振られた私を御曹司が拾ってくれました。
「氷室専務、すごく美味しくて…幸せです。有難うございます。」
氷室専務にチョコレートケーキの御礼を伝えて、ハッとした。
先日の公園の御礼を忘れていたのだ。
「あ…あの…先日は、公園で助けて頂き、ありがとうございます。」
「あぁ…もう気にするな…無事だったのだから、それでいい。」
「それと…お聞きしたかったのですが…氷室専務は…なぜ、あの時、公園にいらっしゃったのですか?」
私の質問に、氷室専務は少しの時間なにも言わなかった。
聞いてはいけない事だったのだろうか?
氷室専務は、ゆっくりと話し始めた。
「あの日は、僕はニューヨークから戻ったばかりだったのだが、父親から食事に誘われたんだよ…その時、ちょっと父親と喧嘩になってしまって、僕は食事会から出てきてしまったんだ。
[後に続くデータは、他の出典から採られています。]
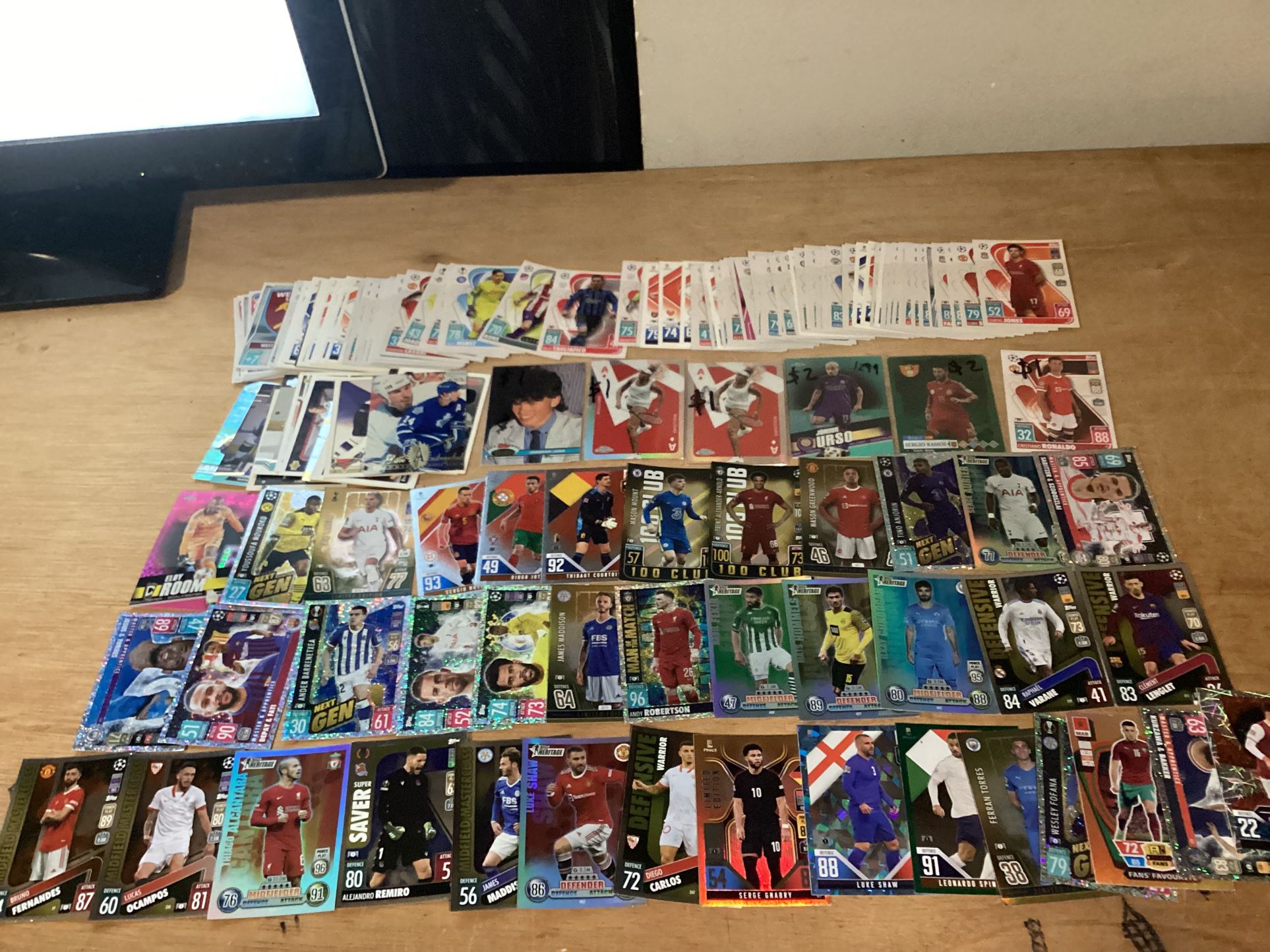 Soccer NHL Hockey and Tennis card lot of 161 Cards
イライラしながら歩いていたら、ちょうど小さな公園があったので、頭を冷やそうと中に入ったら、女性がベンチで倒れていていたんだ。…驚いたよ。」
「そんな大変な時に…申し訳ございませんでした。」
すると、専務は私を気遣ってくれたのだろうか、ふわりと優しい笑顔を向けてくれた。
「葉月さんのお陰で、驚いたせいか、父親にイライラしていたことを忘れたよ。あれから冷静になれた気がする。父が言っていることも、間違ってはいないんだよ。」
詳しい事は分からないが、きっと一般の私達とは違って、氷室専務の住む世界は大変なのだろうと感じた。
親子と言っても、これだけ大きな会社の社長と専務なのだから、背負うものも大きいのだろう。